Dataset excerpts:
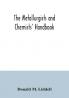 The metallurgists and chemists' handbook; a reference book of tables and data for the student and metallurgist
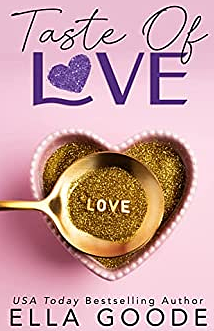 Taste of Love by Ella Goode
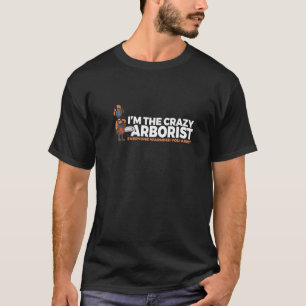 Manar I är jag den galna Arboristiska träarbetaren T Shirt
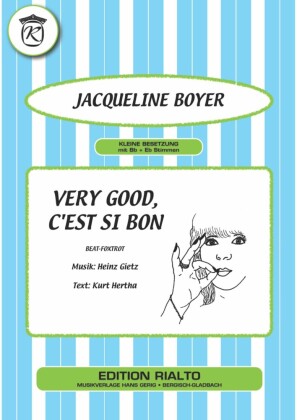 Very good, c'est si bon
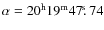 $\alpha=20^{\rm
h}19^{\rm m}47\hbox{$.\!\!^{\rm s}$ }74$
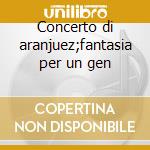 Concerto di aranjuez;fantasia per un gen cd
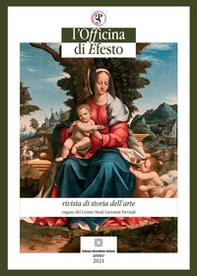 L'officina di Efesto. Rivista di storia dell'arte - Vol. 1 - Librerie.coop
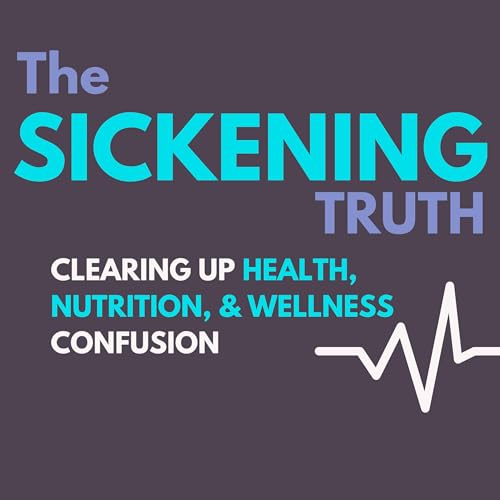 『The Sickening Truth: Clearing Up Health, Nutrition, & Wellness Confusion』のカバーアート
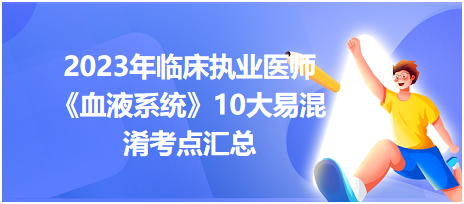 2023年臨床執(zhí)業(yè)醫(yī)師《血液系統(tǒng)》10大易混淆考點(diǎn)匯總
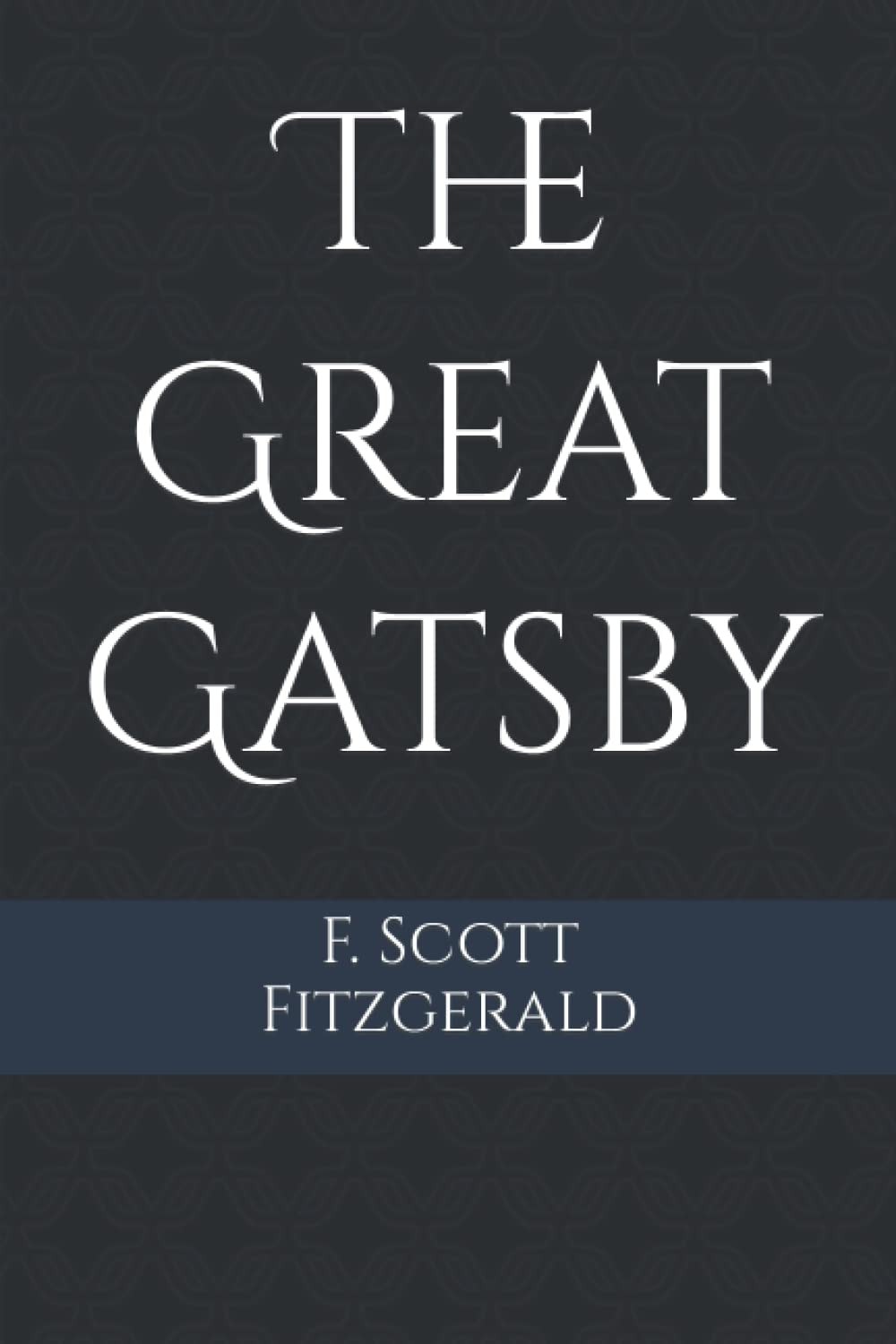 The Great Gatsby: Original Text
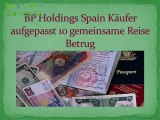 BP Holdings Spain Käufer aufgepasst 10 gemeinsame Reise Betrug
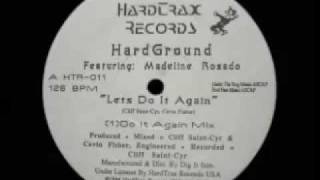 HardGround Featuring Madeline Rosado - Lets Do It Again (Do It Again Mix)
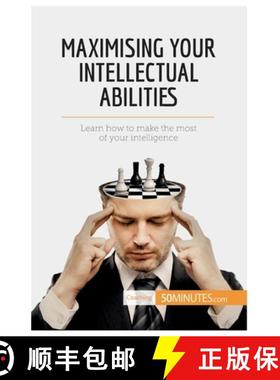 【3-4周达】Maximising Your Intellectual Abilities: Learn how to make the most of your intelligence [9782806288912]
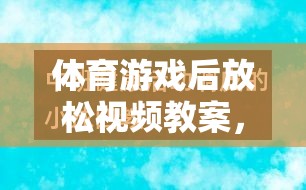 體育游戲后的寧?kù)o之旅，身心放松視頻教案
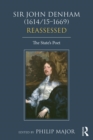 Image for Sir John Denham (1614/15-1669) Reassessed: The State&#39;s Poet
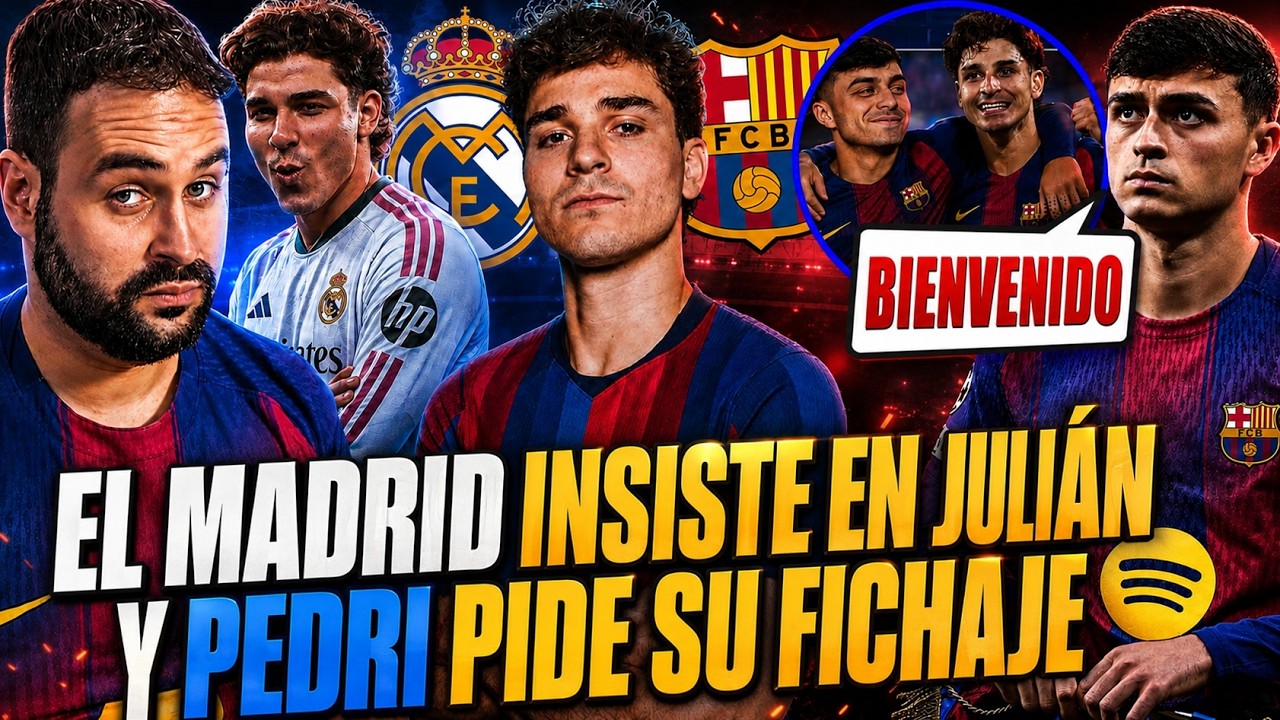 🚨El MADRID INSISTE en JULIÁN ÁLVAREZ y PEDRI PIDE PÚBLICAMENTE su FICHAJE "SERÁ BIENVENIDO"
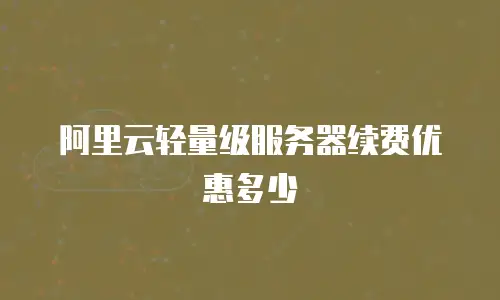 阿里云轻量级服务器续费优惠多少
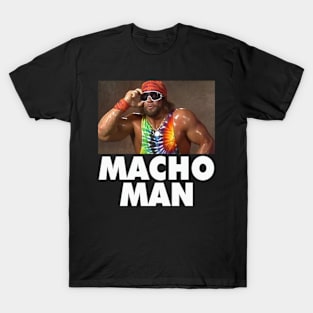 Macho Man T-Shirt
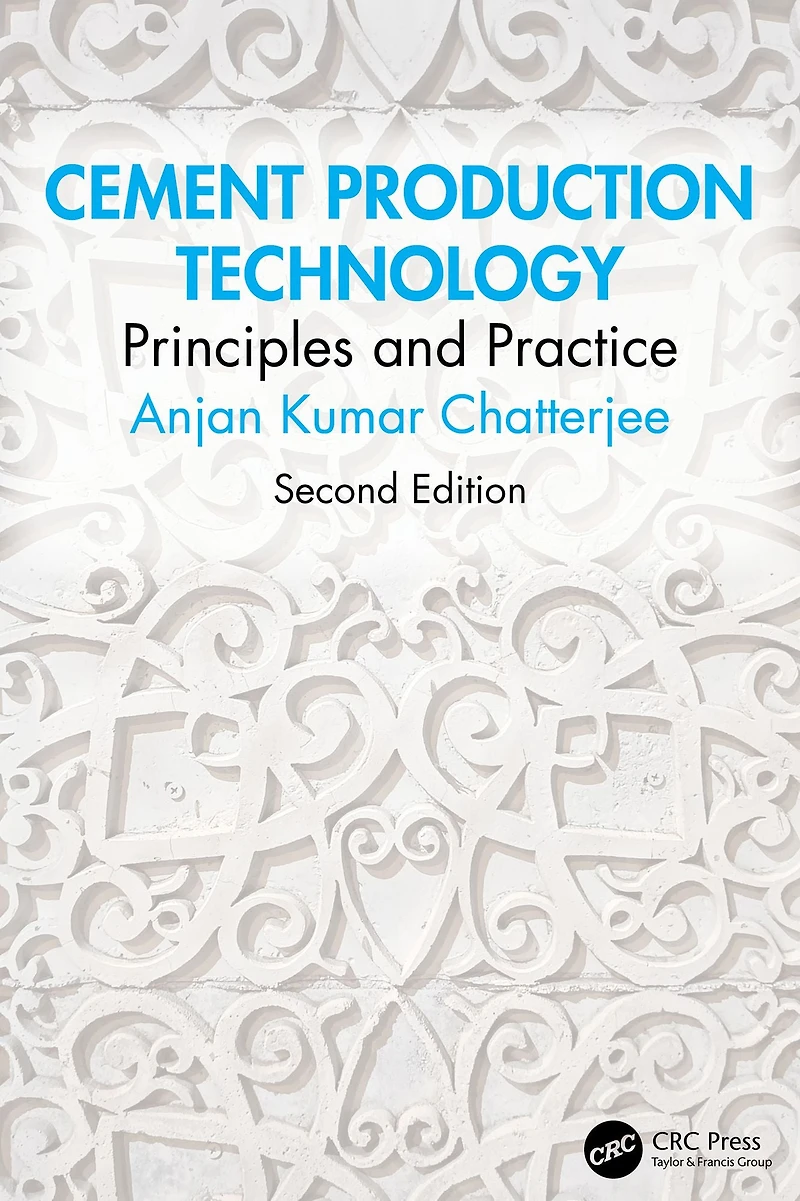 Cement Production Technology: Principles and Practice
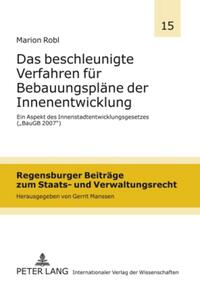 Das beschleunigte Verfahren für Bebauungspläne der Innenentwicklung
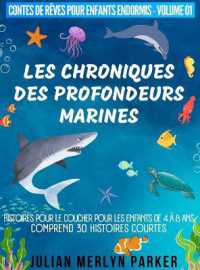 Les Chroniques des Profondeurs Marines: Histoires pour le coucher pour les enfants de 4 à 8 ans Comprend 30 histoires courtes (Contes de Rêves Pour Enfants Endormis") 〈1〉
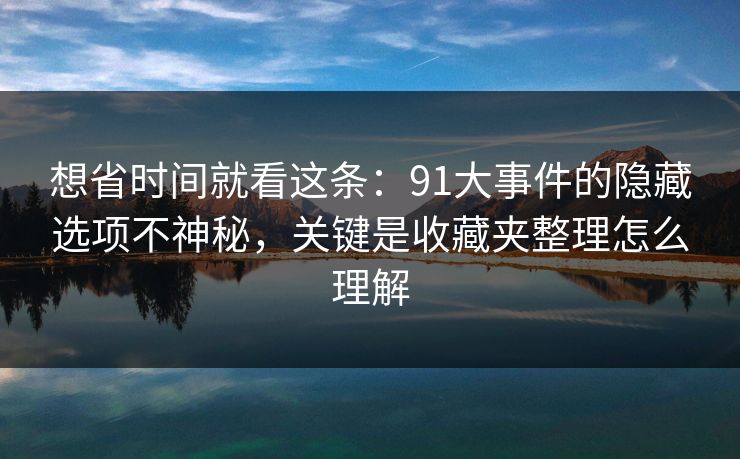想省时间就看这条：91大事件的隐藏选项不神秘，关键是收藏夹整理怎么理解  第1张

**To do:** Word for word, set down the lines from the line with "Les Chroniques des" through the last line of the entries, and nothing else; the pictures stay out.

**The answer:**
 Les Chroniques des Profondeurs Marines: Histoires pour le coucher pour les enfants de 4 à 8 ans Comprend 30 histoires courtes (Contes de Rêves Pour Enfants Endormis") 〈1〉
想省时间就看这条：91大事件的隐藏选项不神秘，关键是收藏夹整理怎么理解  第1张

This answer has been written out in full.